A framework for intelligent document image enhancement
in pursuit of improved OCR performance
Ryno Kleinhans* and Stephan Nel,
University of Stellenbosch
SAMS Subject Classification Number: 12, 23, 25
A characteristic trait of the age of digitalisation is the ubiquitous transition from paper-reliant and manual-based business processes to fully digital, computer-assisted and automated versions thereof. Although many industries have already began with this transition away from paper documents, several real-world information chains are still intertwined with downstream paper-based systems. Some of these systems might require several decades to transition into a fully digital version thereof. Consequently, in order to fully automate these processes, the paper-based documents ought to be digitised.

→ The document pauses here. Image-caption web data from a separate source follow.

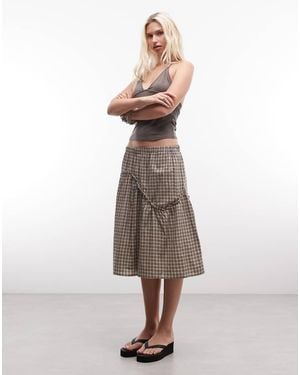 Daisy Street Falda Midi Con Detalle De Volantes - Neutro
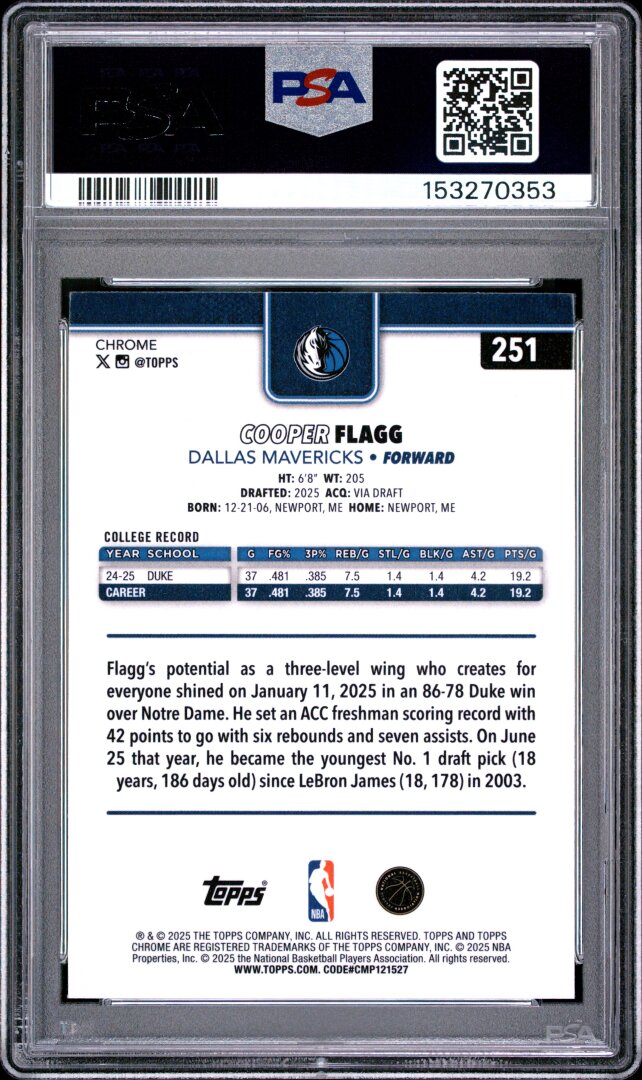 2025 Topps Chrome Cooper Flagg PSA 10 #251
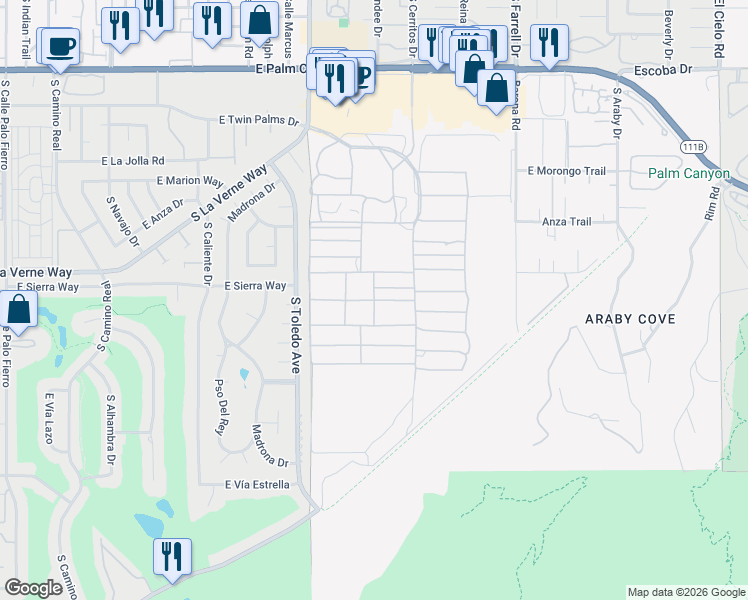 map of restaurants, bars, coffee shops, grocery stores, and more near Orocopia Road in Palm Springs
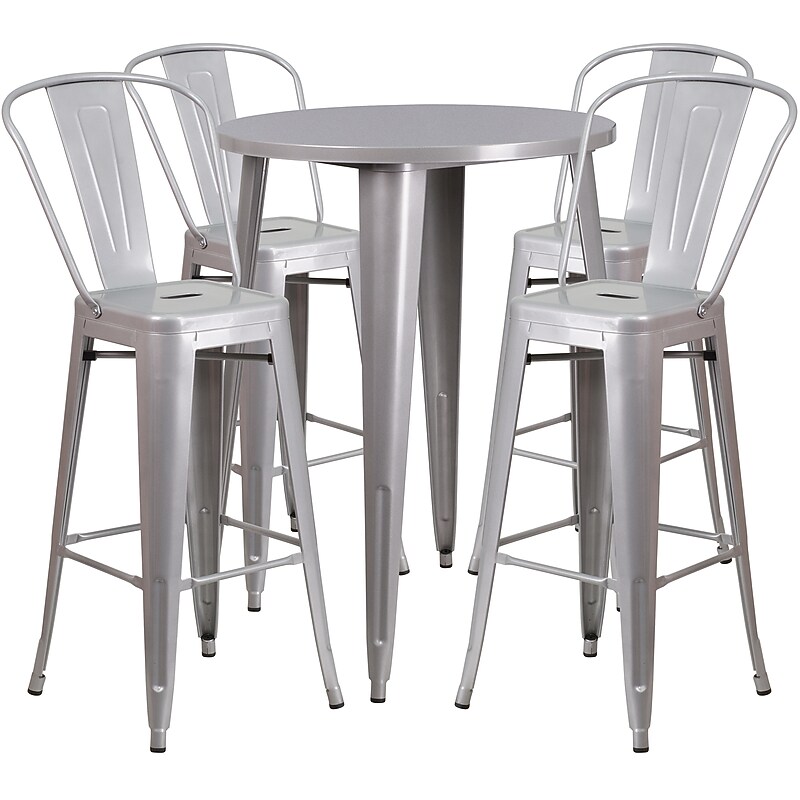 Flash Furniture Callum Indoor-Outdoor 30" Round Bar Table Set with 4 Cafe Stools, Silver (CH519BH430CSIL) image 1
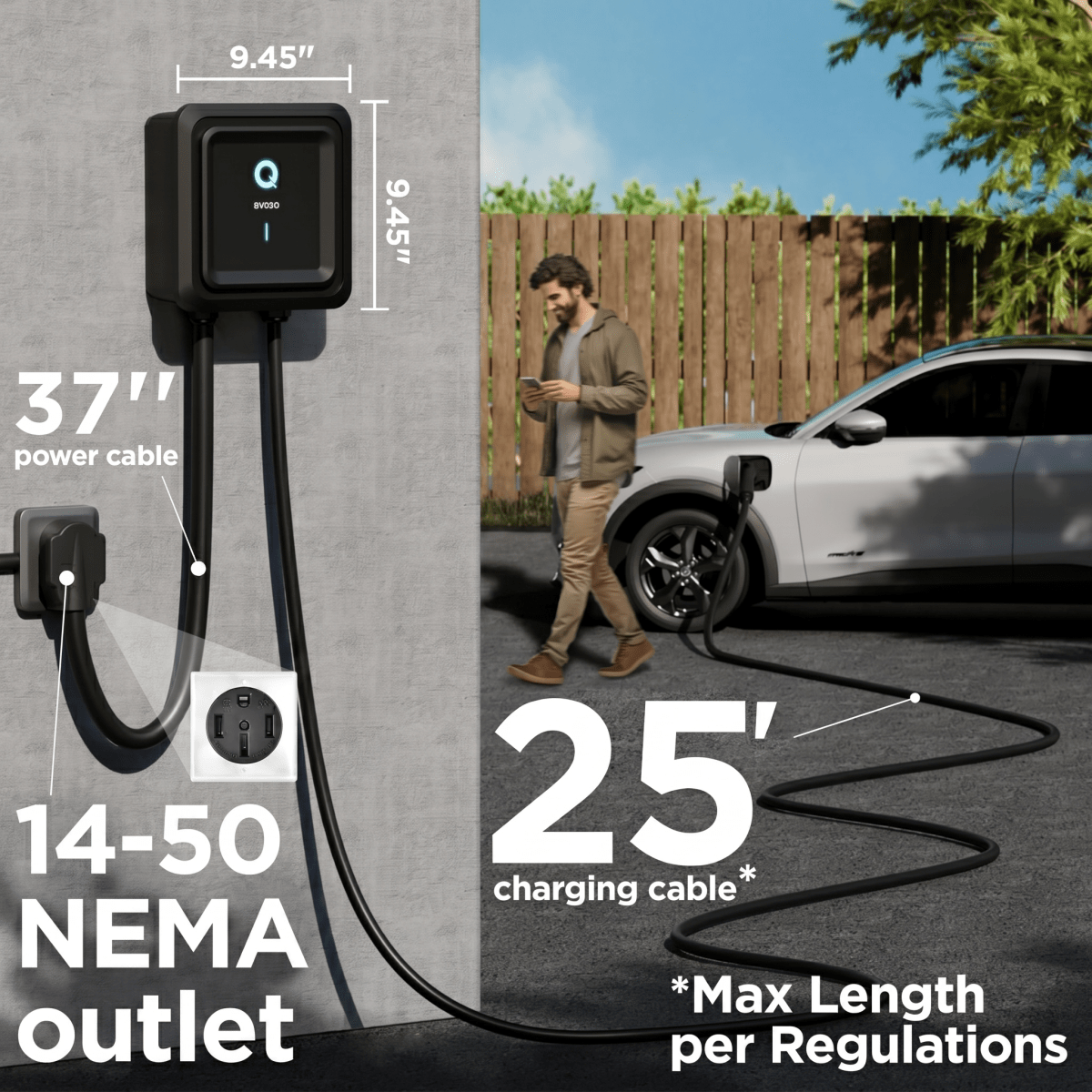 EVIQO Level 2 EV Charger, 48A (11.5kW), 240V, NEMA 14-50 Plug-in, J1772 for Non-Tesla EVs-EcoPowerit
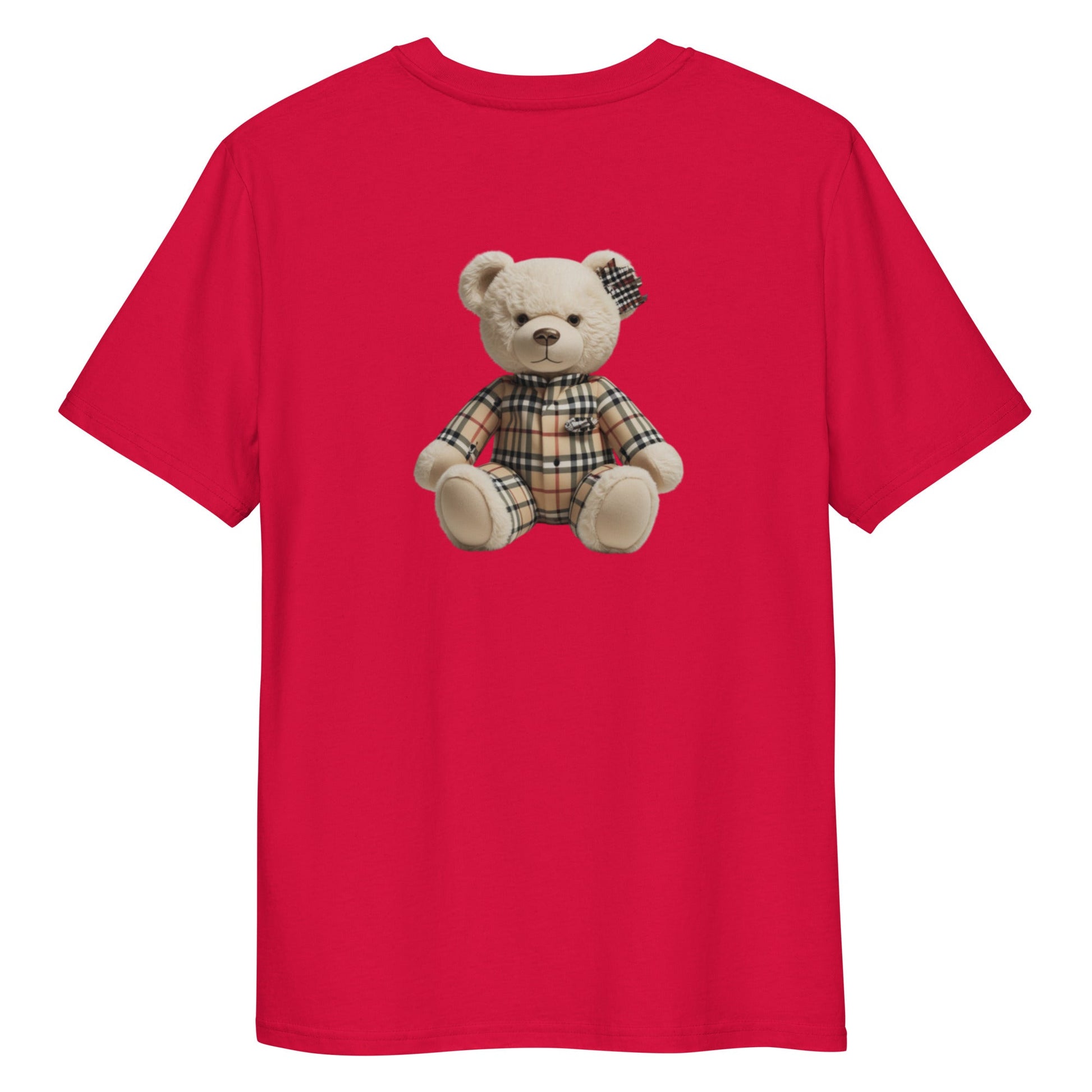 JW bear Unisex organic cotton t-shirt with bear graphic on red fabric.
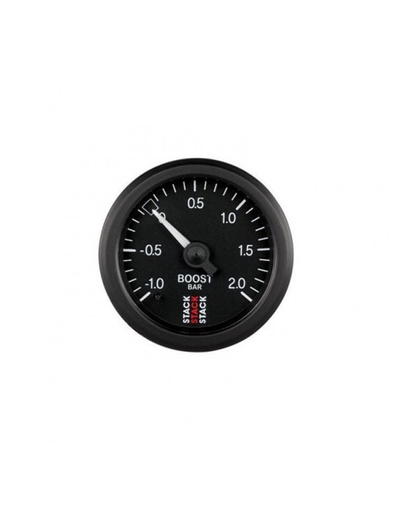 [ST3111] Manomètre de Pression Turbo - mécanique -1 A +2 Bar - Ø 52mm - Noir - Rac. T
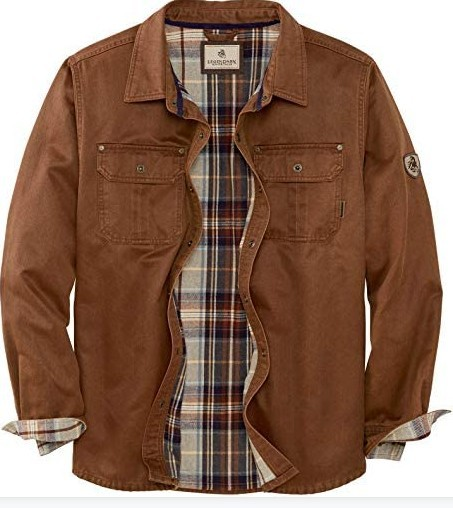 Surchemise Homme Doublée Carreaux Marron à Poches Poitrine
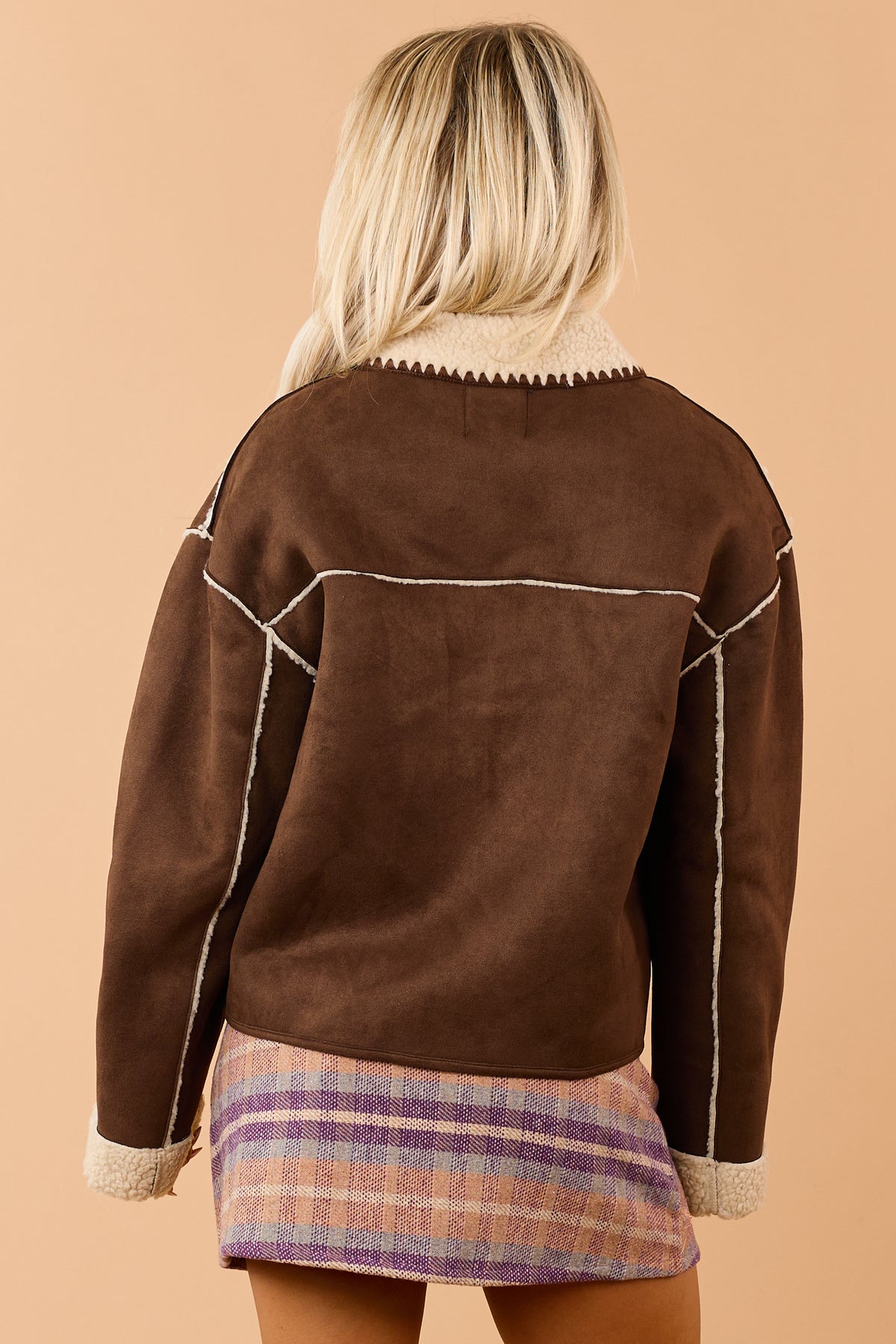 Chocolate Faux Suede Sherpa Lined Toggle Jacket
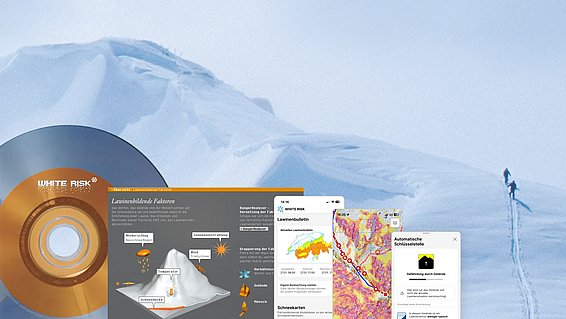Die Grafik zeigt eine Berglandschaft mit Schnee und zwei Skifahrern, die eine steile Schneehangspur hinaufsteigen. Dazu ist auf Screenshots zu sehen, wie sich die Präventionsplattform "White Risk" in den letzten 20 Jahren von der CD-ROM zur App entwickelte. 

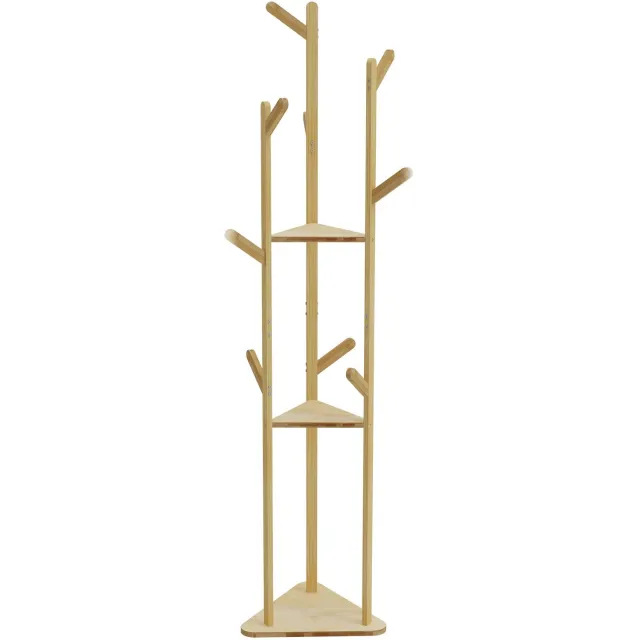 Sellino Kapstok - Kledingboom - Kledinghouder - Garderoberek - 167 cm Hoog - Naturel - Stabiele Voet - 9 Haken - Bamboerek Natural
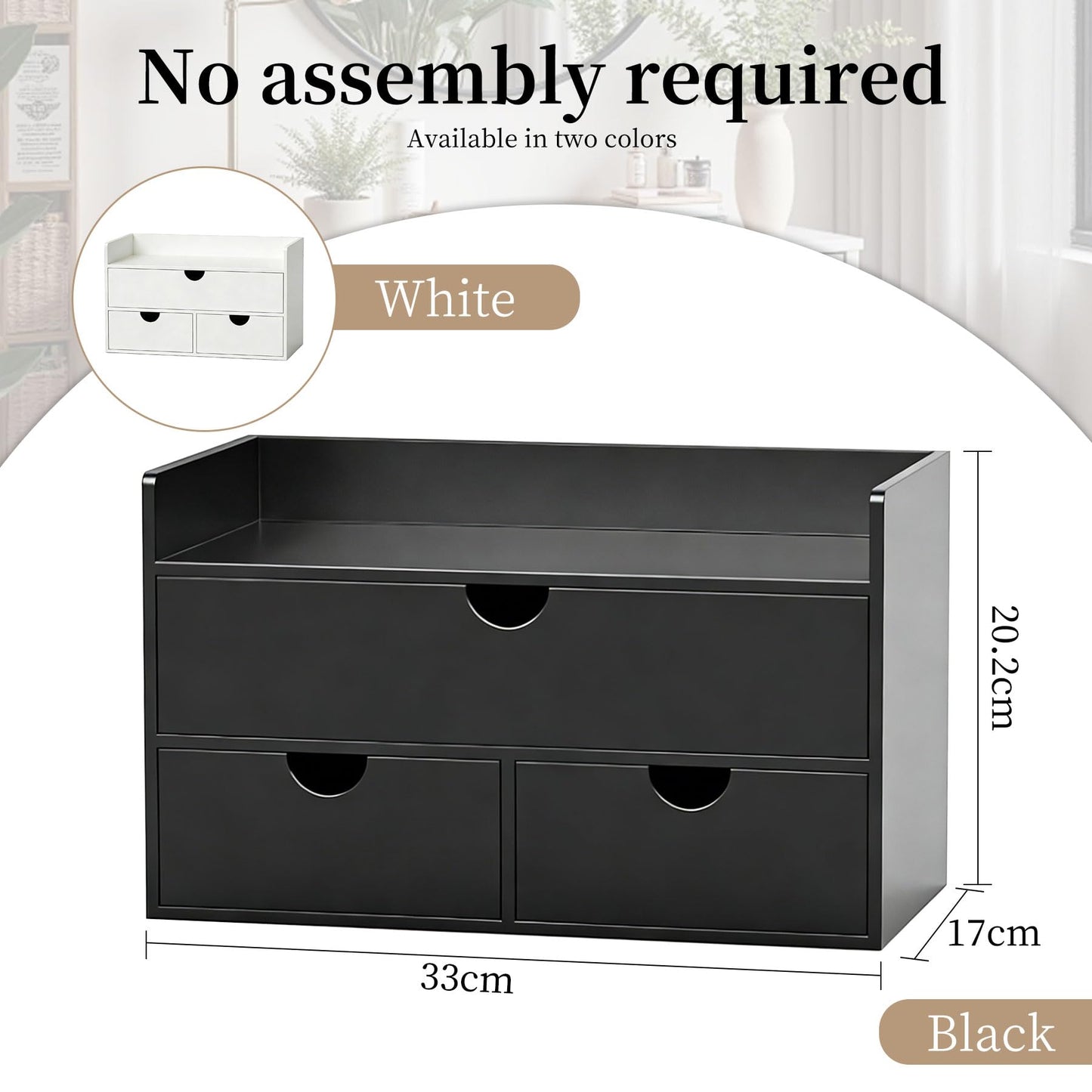 Bamboo Desk Organizer with Drawers, Tabletop Cosmetic Makeup Storage Box, No Assembly Desktop Countertop Storage Holder for Skincare Toiletries, Home Office Bathroom Vanity Organization(black)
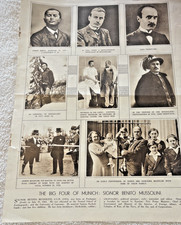 4 Pages from The Sketch Magazine "Big  Four at Munich" & Families Mussolini etc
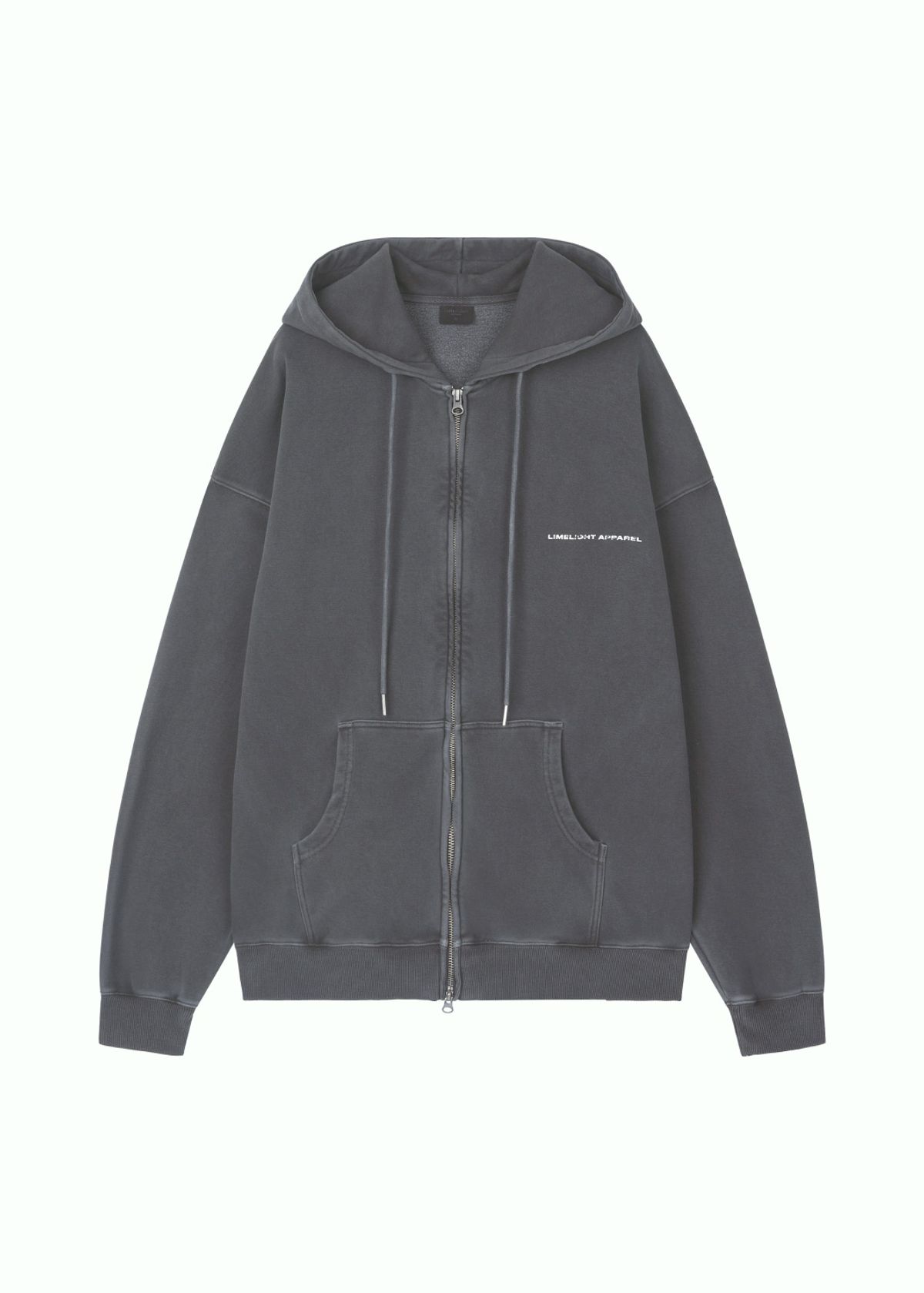 라임라잇 어패럴(LIMELIGHT APPAREL) 어패럴 피그먼트 백 로고 오버사이즈 2WAY 집업 후디 (차콜/화이트)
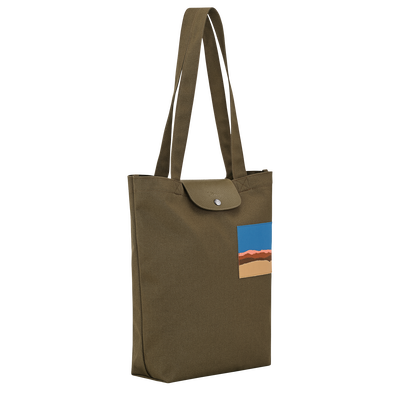 Caroline H&eacute;lain x Longchamp M Tote bag , Olive - Canvas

Computerised approaches, e.g. optical character recognition engines, have achieved notable success in accurately extracting pixel-based information into machine-encoded information. The performance of these engines are, however, reliant on the quality of the captured document images. Although there are a plethora of image enhancement techniques designed to increase image quality, the implementation of some of these techniques involves a large degree of dependency on human cognition as each document image require a unique set of preprocessing steps. Accordingly, the application of data-driven approaches from the realm of machine learning — more specifically, deep learning — certainly warrants consideration within the presented context.
In this presentation, a high-level overview is provided of a framework that aims to facilitate the text extraction procedure of document images by automating the preprocessing stage through means of intelligently identifying which combination of image enhancement techniques to implement in respect of individual images. Powerful approaches from the domain of computer vision, together with the implementation of transfer learning, are considered.